Key background information is provided by a series of faux magazine interviews with the social revolution’s inventor Alan Jensen (designed and illustrated by Ephraim Zev Zimmerman) and following the first of these – ‘The Origins of Oculus’ – the saga resumes with the entire Major Crimes unit – all five of them – reviewing events.

Cliff has established that the “murder” broadcast was recorded, not live, and sent from the username “Dolos”, tagged with a large variety of terms such as “Free”, “Sex”, “Star Trek” and “Anime” all cunningly designed to catch the eye of the widest possible audience…

Unfortunately due to budget constraints Campbell can’t sanction a costly activity report from the Oculus Corporation for what looks like a nasty student prank. Still smarting from looking like a fool and being seen trudging through sewers in pyjamas and tiger slippers, Shane vigorously disagrees. He argues that whoever did this is organised, meticulous, capable of fooling everybody who saw into believing it was real… and live.
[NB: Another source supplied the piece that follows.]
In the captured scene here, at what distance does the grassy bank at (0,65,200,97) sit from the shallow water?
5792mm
Dolos also had no problems digging up and stealing a corpse to carry it off…

Campbell relents and agrees to let Shane and Jeff continue to work on it as long as costs stay down: after all, these days there simply isn’t that much work for detectives to do…

Jeff has been in the force for a very long time and knows lots of strange people. Thinking one of them might have a handle on the matter, he drags his excitable understudy to a basement flat to meet inventor and hacker Bentley, a most peculiar individual clearly long off his meds and living in a wonderland of paranoia and bizarre hand-made devices…

‘0.4% Chance It Could Destroy The World’ sees the first lead found as the batty boffin suggests back-street Oculus implants and breaks into the high security Oculus Corporation database records.

Armed with Dolos’s account inception date and the enigma’s Friends List, the dynamic duo hit the quiet streets of New Oxford where Jeff suggests trying a far more traditional method of finding things out…

Fat Maisey is a low-level street rat and if anyone knows about illegal Oculus implants he will. Sadly the chase after the little weasel only leads our heroes into an armed ambush and ultra-violent counter-operation involving the gun-toting gung-ho grunts of SABU…

Barely escaping with their lives Shane and Jeff head back to the station whilst elsewhere two conspirators bicker and agree to speed up the pace of their plan…

Still felling out of his depth, Shane talks things over with “just friends” Emma before going out on a date with old college acquaintance Anna Rice. They end up in bed but since Anna’s idea of having a great time is being seen getting off by hundreds of strangers, close friends and especially herself, Shane’s night does not have a happy ending…

Following another Jensen interview (‘The Origins of PADs and Broadcasting’) the next chapter ‘How Could I Ever Truly Respect Her?’ opens with the boy wonder getting some well deserved ragging from his mentor.

Even Shane’s mum tuned in to the open broadcast and he is – for the third day running – the laughing stock of the New Oxford Constabulary. At least Jeff is amused enough to share some of his own tragic personal history, but inexplicably Emma seems furious with the bewildered newbie…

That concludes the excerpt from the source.